[INFORMATION SHOWN Boundary: Start]
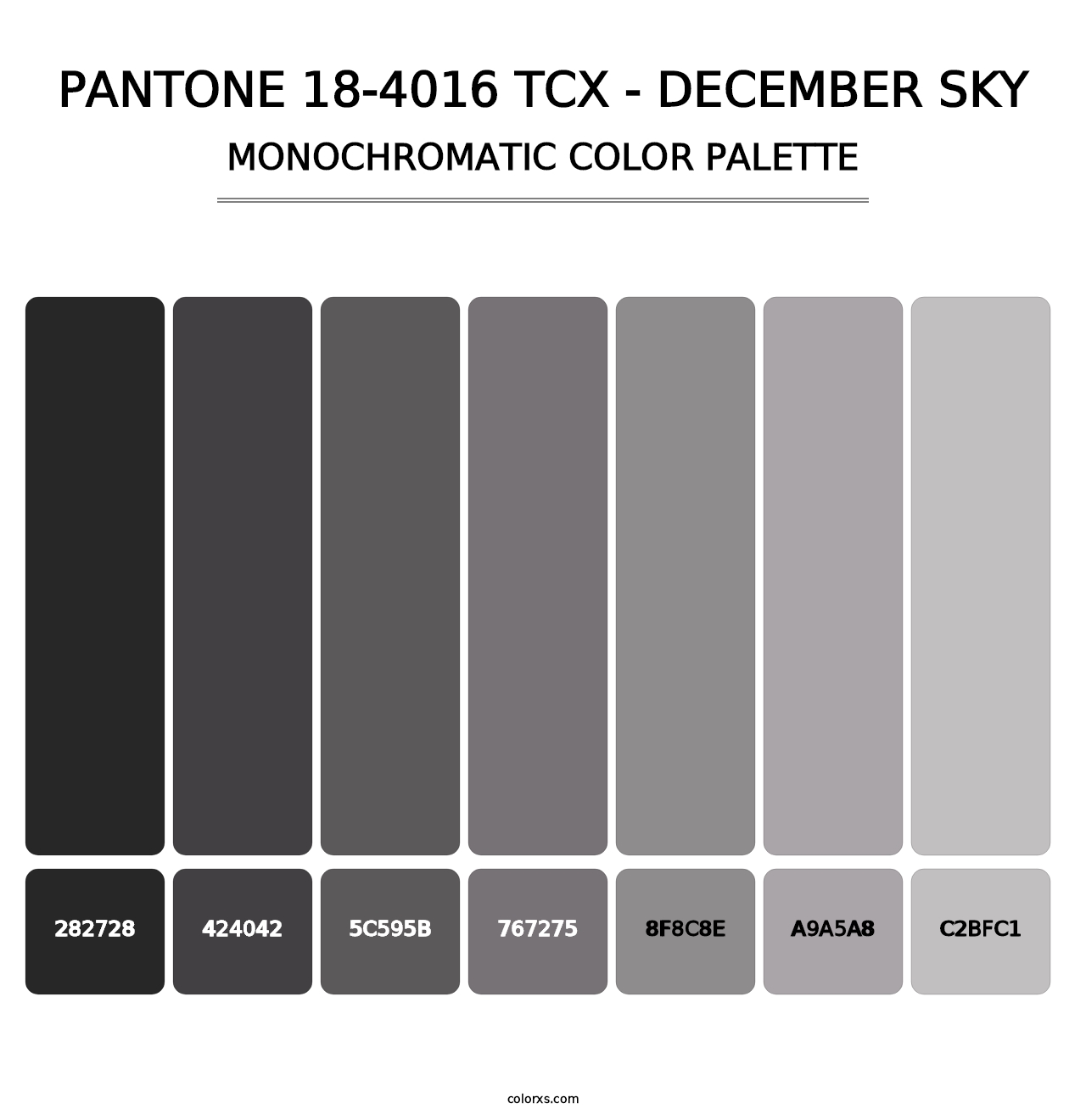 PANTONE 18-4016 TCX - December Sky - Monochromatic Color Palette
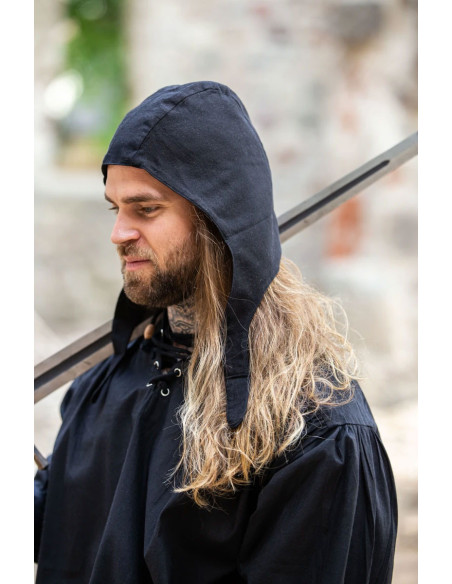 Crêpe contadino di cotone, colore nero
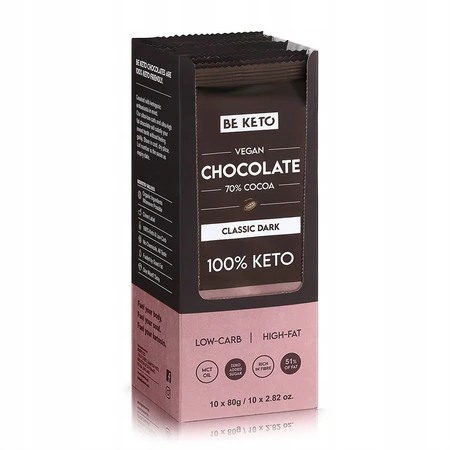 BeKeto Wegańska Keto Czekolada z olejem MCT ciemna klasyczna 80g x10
[INFORMATION SHOWN Boundary: End]
TASK TO COMPLETE:
With pictures left out, extract the lines from the one containing "Crêpe contadino di cotone, colore nero" to the end of the material above, both included, exactly as written.

RESULT OF THE EXERCISE:
 Crêpe contadino di cotone, colore nero
 BeKeto Wegańska Keto Czekolada z olejem MCT ciemna klasyczna 80g x10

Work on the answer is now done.